One method for compressing the data of TOF instruments attempts to exploit the difference between the sampling rates needed for light and heavy mass ions. The ions of lighter mass tend to be bunched closer together than the ions of heavier mass. For example, for lighter mass ions, there is statistically less separation in time between multiple ion strikes from the ion as compared to the statistic separation time for heavier mass ions. In other words, the max-min time for a five mass unit difference is bigger at low mass than at high mass (i.e. 20-25 amu will be less separated in time than 1000-1005 amu). Also, the width of an analog pulse detected for lighter mass ions is usually smaller than the width of an analog pulse detected for heavier mass ions. The need for data reduction is not limited to the data produced by analog to digital (ADC) systems. Data reduction is also needed for the data produced by time to digital (TDC) systems.
As a result, a high sampling rate is needed to adequately sample the analog pulse for lighter mass ions, while a lower sampling rate is adequate to sample the analog pulse for heavier mass ions.
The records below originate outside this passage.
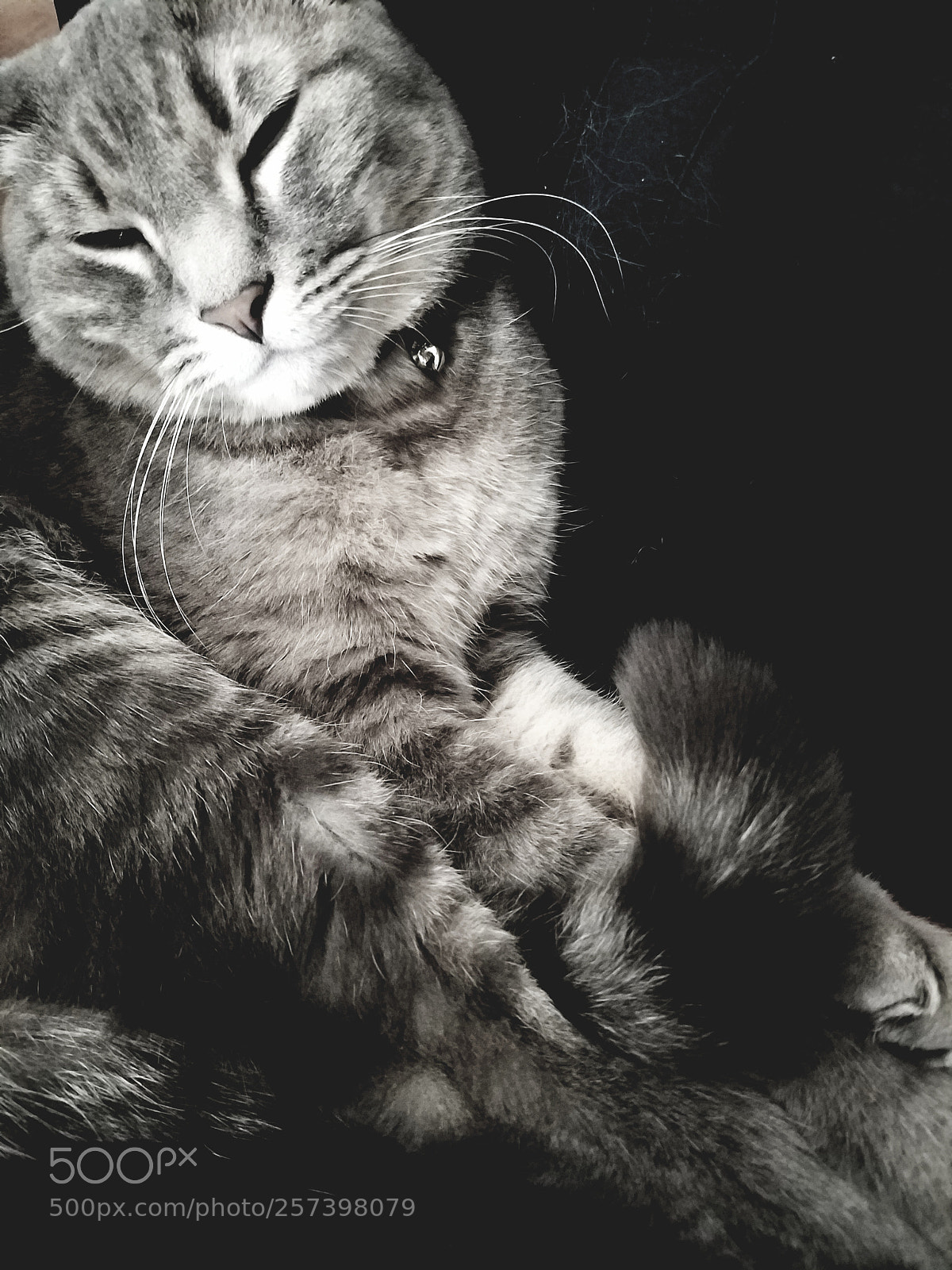 Samsung Galaxy S7 Edge sample photo. B&w napster photography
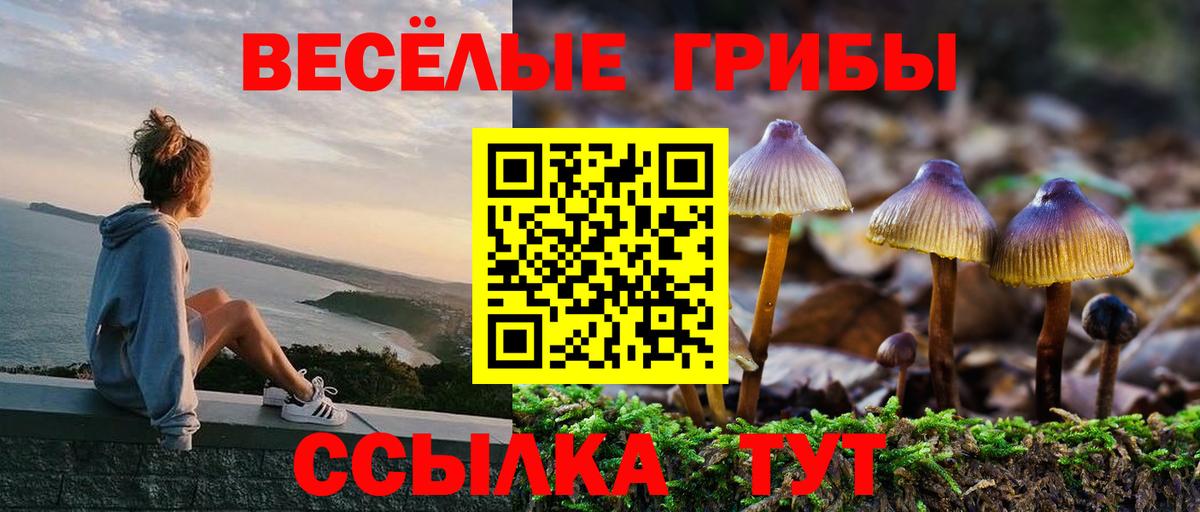 Где купить  Юрга  Канабис  Меф МЯУ МЯУ кристаллы  Вход с VPN  Гашиш 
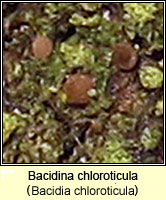 Bacidina chloroticula (Bacidia chloroticula)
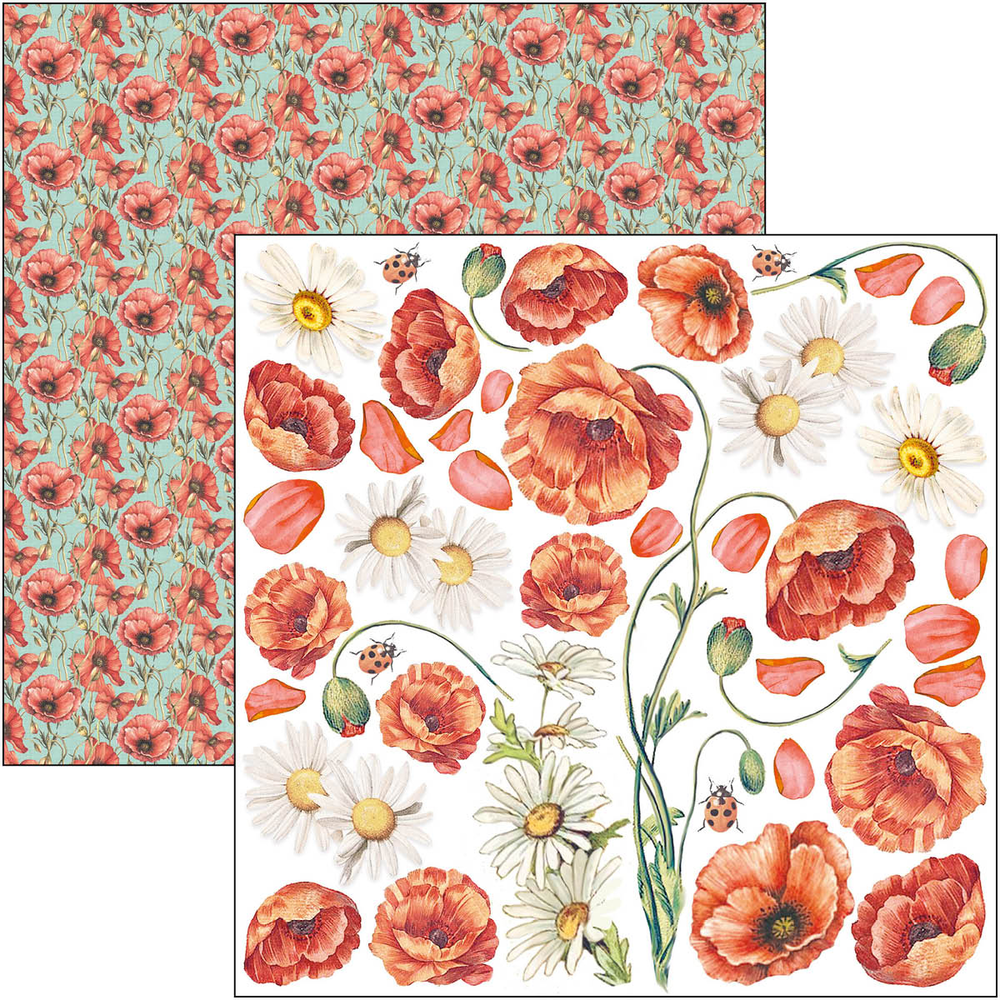 Ciao Bella Papercrafting Enchanted Land 6x6 Inch Paper Pad (CBQE064) Ciao Bella Papercrafting Enchanted Land 6x6 Inch Paper Pad (CBQE064)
This effect can also be described in the time domain. As the time of arrival of ions increases at the detector of a TOF instrument, the sampling rate needed to detect the ions decreases.
An exemplary system for compressing data based on this effect is described in U.S. Pat. No. 7,684,932 issued Mar. 23, 2010 (hereinafter the “'932 patent”. In this system a decimator circuit is located between the analog to digital (A/D) converter and the summer of a detection circuit of a TOF instrument. The decimator circuit allows a higher effective sampling rate for analog pulses corresponding with lighter mass ions and lowers the effective sampling rate for analog pulses corresponding with heavier mass ions. In other words, the decimator dynamically decreases the sampling rate as the time of arrival of ions increases.
In the system of the '932 patent, a relationship between mass and peak width is used to dynamically decrease the sampling rate. In one embodiment, the decimator of this system reduces its output rate by a factor each time it decimates the effective sampling rate. Initially, the decimator's output rate is y. Once one-fourth of the mass scan is complete (i.e., at time T/4), the decimator's output rate is reduced by one-half to y/2. Once one-half of the mass scan is complete (i.e., at time T/2), the decimator's output rate is reduced by one-half to y/4. Once three-quarters of the mass scan is completed (i.e., at time 3T/4), the decimator's output rate is again reduced by one-half to y/8. Once the mass scan is complete (i.e., at time T), the decimator's output rate is reset to y for the next mass scan.
The system of the '932 patent provides a specific hardware implementation to perform data compression during data acquisition. The method employed is not useful for compressing data previously acquired by other TOF instruments that do not include the specific hardware implementation. The method also does not specifically take into account the information content required for discerning a peak from data.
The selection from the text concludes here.